#### Problem
The entries below contain a stretch that opens with the line containing "Yoga Tree Pose Throw Pillow" and closes with the line containing "Style & Co. Burgundy Cowl Neck Sweater"; set down that stretch exactly, both ends included, and nothing else.

#### Records for this task
○ ○ ○ ○ ○ ○ ○

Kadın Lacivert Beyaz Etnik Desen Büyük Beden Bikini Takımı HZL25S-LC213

○ ○ ○ ○ ○ ○ ○

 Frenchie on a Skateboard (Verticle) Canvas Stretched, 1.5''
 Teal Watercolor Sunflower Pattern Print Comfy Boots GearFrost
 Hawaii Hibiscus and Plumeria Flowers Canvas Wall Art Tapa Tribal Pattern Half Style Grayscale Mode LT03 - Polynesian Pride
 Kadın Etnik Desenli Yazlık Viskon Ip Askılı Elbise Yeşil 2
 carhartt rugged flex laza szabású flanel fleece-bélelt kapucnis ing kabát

○ ○ ○ ○ ○ ○ ○

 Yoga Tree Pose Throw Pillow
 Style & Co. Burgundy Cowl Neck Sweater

○ ○ ○ ○ ○ ○ ○

#### Answer section
 Yoga Tree Pose Throw Pillow
 Style & Co. Burgundy Cowl Neck Sweater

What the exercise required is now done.